Camillo Mac Bica
Originally published Nov 11, 2019
Here are two excerpts:
Humankind has identified and internalized a set of values and norms through which we define ourselves as persons, structure our world and render our relationship to it — and to other human beings — comprehensible. These values and norms provide the parameters of our being: our moral identity. Consequently, we now have the need and the means to weigh concrete situations to determine acceptable (right) and unacceptable (wrong) behavior.
Whether an individual chooses to act rightly or wrongly, according to or in violation of her moral identity, will affect whether she perceives herself as true to her personal convictions and to others in the moral community who share her values and ideals. As the moral gravity of one’s actions and experiences on the battlefield becomes apparent, a warrior may suffer profound moral confusion and distress at having transgressed her moral foundations, her moral identity.
Guilt is, simply speaking, the awareness of having transgressed one’s moral convictions and the anxiety precipitated by a perceived breakdown of one’s ethical cohesion — one’s integrity — and an alienation from the moral community. Shame is the loss of self-esteem consequent to a failure to live up to personal and communal expectations.

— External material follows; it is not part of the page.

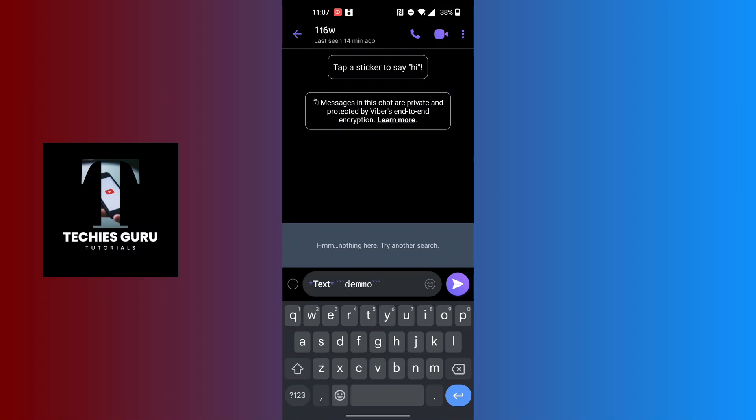The moment you send this text on Viber to somebody, your message will be sent with a changed text style. These are the changed text styles in Viber. If you have any confusions or questions regarding this topic, feel free to comment in the comment section below, and don't forget to like, subscribe, and hit that bell icon for more videos. Thank you for watching, guys. Peace.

Having completed the necessary philosophical and psychological groundwork, veterans can now begin the very difficult task of confronting the experience. That is, of remembering, reassessing and morally reevaluating their responsibility and culpability for their perceived transgressions on the battlefield.
Reassessing their behavior in combat within the parameters of their increased philosophical and psychological awareness, veterans realize that the programming to which they were subjected and the experience of war as a survival situation are causally connected to those specific battlefield incidents and behaviors, theirs and/or others’, that weigh heavily on their consciences — their moral injury. As a consequence, they understand these influences as extenuating circumstances.
Finally, as they morally reevaluate their actions in war, they see these incidents and behaviors in combat not as justifiable, but as understandable, perhaps even excusable, and their culpability mitigated by the fact that those who determined policy, sent them to war, issued the orders, and allowed the war to occur and/or to continue unchallenged must share responsibility for the crimes and horror that inevitably characterize war.